Nasheed, who won the Maldives’ first democratic election in 2008, made the allegations during an MDP rally held in the Galolhu ward of Male’ on Sunday night (June 29).
Attempts to influence the polls by the Maldives Police Service (MPS) were one among “a few concerns”, said Nasheed.
During a press conference held today (July 1), Nasheed emphasised his concerns about police influencing September’s presidential election results.
“We are revealing these possible issues only with the hope that the elections commission would take adequate measures to resolve them. The [Elections] Commissioner should only allow police and military officers [in polling places] after discussing with the candidates’ agents and receiving their consent,” Nasheed stated.
“Police should not be able to enter the polling station without an informed decision made unanimously with the elections commission members and agents of the candidates present at the polling station,” he continued.
“MDP members will not allow police or military to go inside polling stations unlawfully,” he added.
Speaking at the rally entitled “People of Galolhu with President Nasheed” on Sunday, the former president stressed that he was strongly convinced that no one could tamper with the election results, and said to ensure elections are free and fair MDP will have more than 1,900 of its own observers at the polling stations.

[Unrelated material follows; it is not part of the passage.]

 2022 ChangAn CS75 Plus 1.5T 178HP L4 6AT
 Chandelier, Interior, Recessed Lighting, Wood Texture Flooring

“According to information I am getting, Abdulla Riyaz is instructing police officers to barge into polling stations upon his signal, after two individuals enter and create a scene. The remedy to this is that we will ensure no police officer can enter the polling station unless approved by the elections commission,” Nasheed declared.
“This is how it is practiced in other places around the world. Police cannot just enter polling stations. Only the voter and elections officials are allowed. That is why, even a Special Operations (SO) police officer cannot go into a voting station on a whim,” said Nasheed.
The second method by which the police will attempt to ruin the elections is intervening during the vote counting process, after claiming that difficulties are being experienced, such as the election being “rigged”, Nasheed alleged.
The former President reiterated he was confident he would win the election from the first round, predicting that his party would secure 56-57 percent of the popular vote.
“Based on the figures received during the party’s door to door campaign, we are currently able to secure 56 to 57 percent of the voters. From Galolhu, figures indicate MDP getting 73 percent of the vote. We are getting full support from other wards of Male’ as well,” he said.
The Elections Commission outlined some of the key regulations related to concerns regarding police interference with elections.
“Police cannot stand within a 100 foot radius of the ballot box,” Elections Commission President Fuad Thaufeeq confirmed to Minivan News today.
“Police can enter the area only if the Head of Polling Station requests their assistance to control any criminal activity that goes beyond his control,” he continued.
“The role of the police will be to assist the Elections Commission in keeping peace and public safety,” he added.
SO begin MDP arrests on Thinadhoo
Meanwhile, SO police officers have arrested MDP supporters on Thinadhoo Island in Gaafu Dhaal Atoll for allegedly “creating unrest” during President Mohamed Waheed Hassan Manik’s visit to the island earlier in June, according to social media reports and photographs.
“They started arresting MDP supporters today, at least three people so far,” a source from Thinadhoo told Minivan News today on condition of anonymity.
The Maldives Police Service (MPS) decided to station officers of the Special Operations (SO) command on Thinadhoo last week. According to local media, the SO officers will work with the Thinadhoo police station to establish “peace and security”.
The Maldives Police Service had not responded to Minivan News enquiries at time of press.
Police reserve force
President Waheed inaugurated the police special constabulary reserve force at a ceremony today.
The MPS announced plans for recruitment of officers for the special constabulary in May this year, with the new officers to be paid 85 percent of the salary of a regular police officer of the same rank.
At the function, 43 recruits from the first batch were presented documents of employment by President Waheed, after which they were sworn-in as police officers at an oath-taking ceremony.
The oath was administered by Criminal Court Chief Judge Abdulla Mohamed. According to police media, the judge advised the news officers on the importance of respecting oaths.
On June 23, police made an announcement seeking 75 “civil assistants” as non-uniformed personnel for administrative work.
Correction: The previous version of this article said Maldives Police Service officers cannot stand within a 100 metre radius ballot boxes, however it should have read 100 foot radius. Minivan News regrets the error.